## What is expected
Starting with the line where "Hi, everybody. Welcome" appears, print every line through the end of the entries below exactly as it stands, and leave out the pictures.

## Records for the exercise
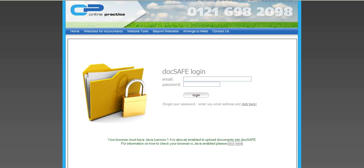To do this, log on to Docsafe and notice at the bottom of the home screen that it states you must have Java version 1.4 or above enabled on your PC. In order to check that you have this, follow the hyperlink here.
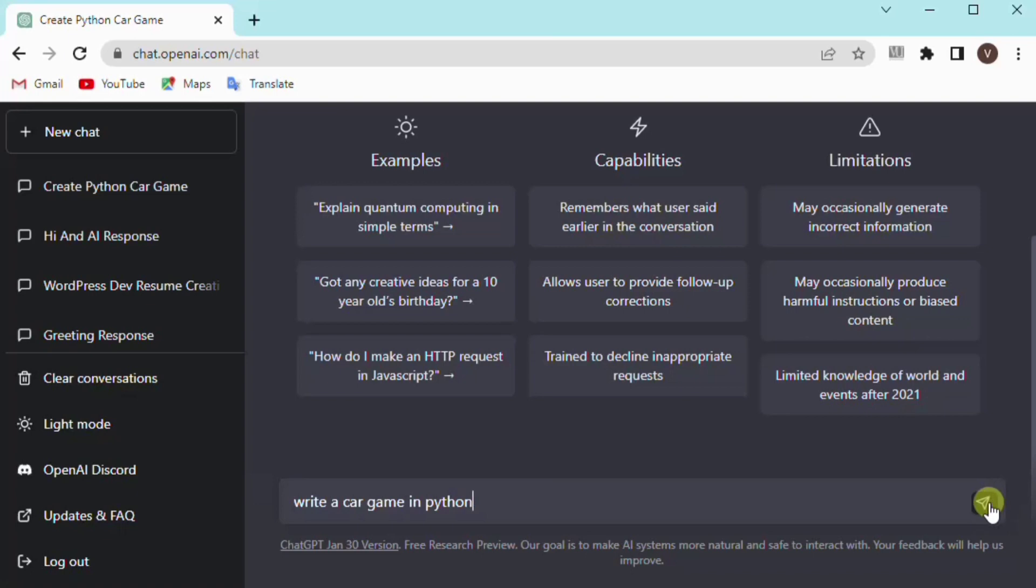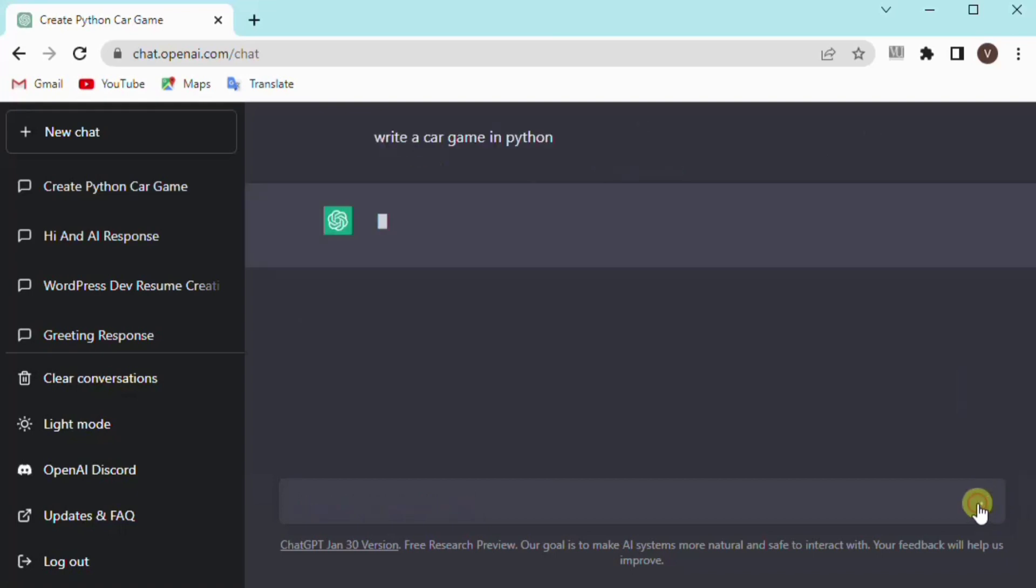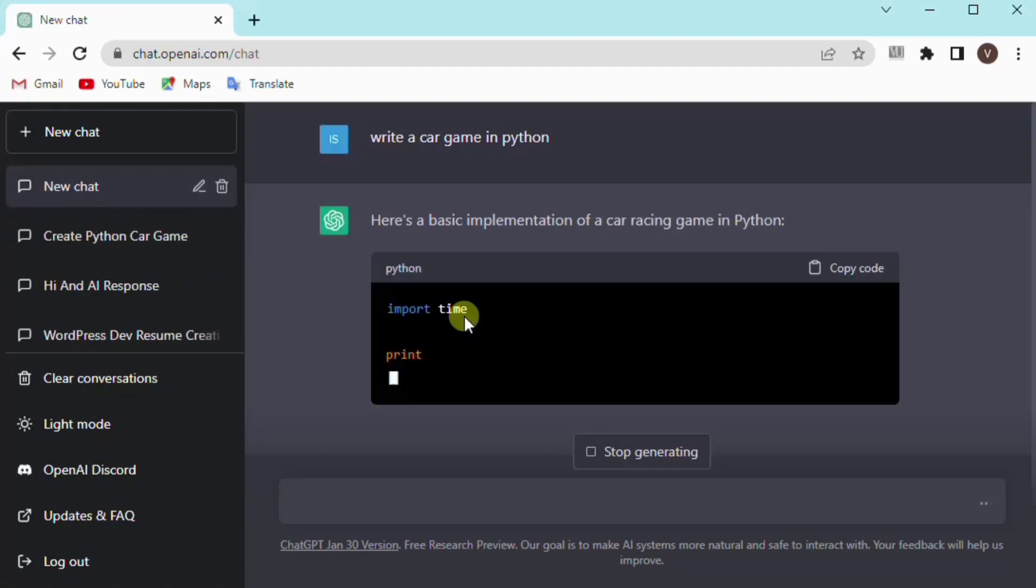Simply click on enter and it will create an amazing code which you can copy and paste in your editor. It will work properly. Simply you can click on create and it will code a car game in Python.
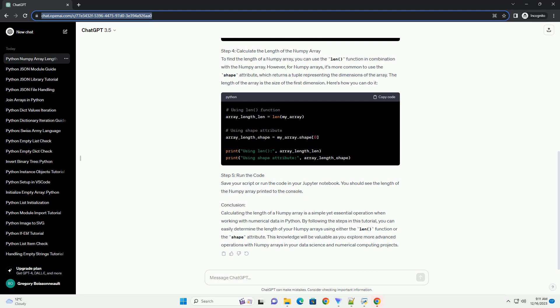Step 2: Import Numpy. Once Numpy is installed, you need to import it into your Python script or Jupyter notebook. Importing is done using the import statement.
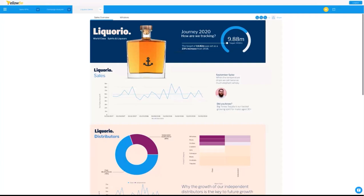Hi, everybody. Welcome to this Ask Me Anything on Yellowfin white labeling. We are trying something a little bit different today — instead of walking through PowerPoint slides on the product, we thought we would give you a chance to come up with questions. The format is: I'll talk about the product for a bit, specifically around white labeling features, and then turn it over to you for questions.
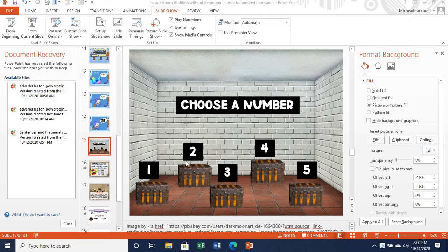And so on my PowerPoint slides, I have created kind of like a game. It's basically just a background and I have around five treasure chests that the students will tell me to click on. Once I advise as to what they want me to click on, it will automatically go to another slide. Let me just show you what I mean.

## Solution to this problem
Hi, everybody. Welcome to this Ask Me Anything on Yellowfin white labeling. We are trying something a little bit different today — instead of walking through PowerPoint slides on the product, we thought we would give you a chance to come up with questions. The format is: I'll talk about the product for a bit, specifically around white labeling features, and then turn it over to you for questions.
And so on my PowerPoint slides, I have created kind of like a game. It's basically just a background and I have around five treasure chests that the students will tell me to click on. Once I advise as to what they want me to click on, it will automatically go to another slide. Let me just show you what I mean.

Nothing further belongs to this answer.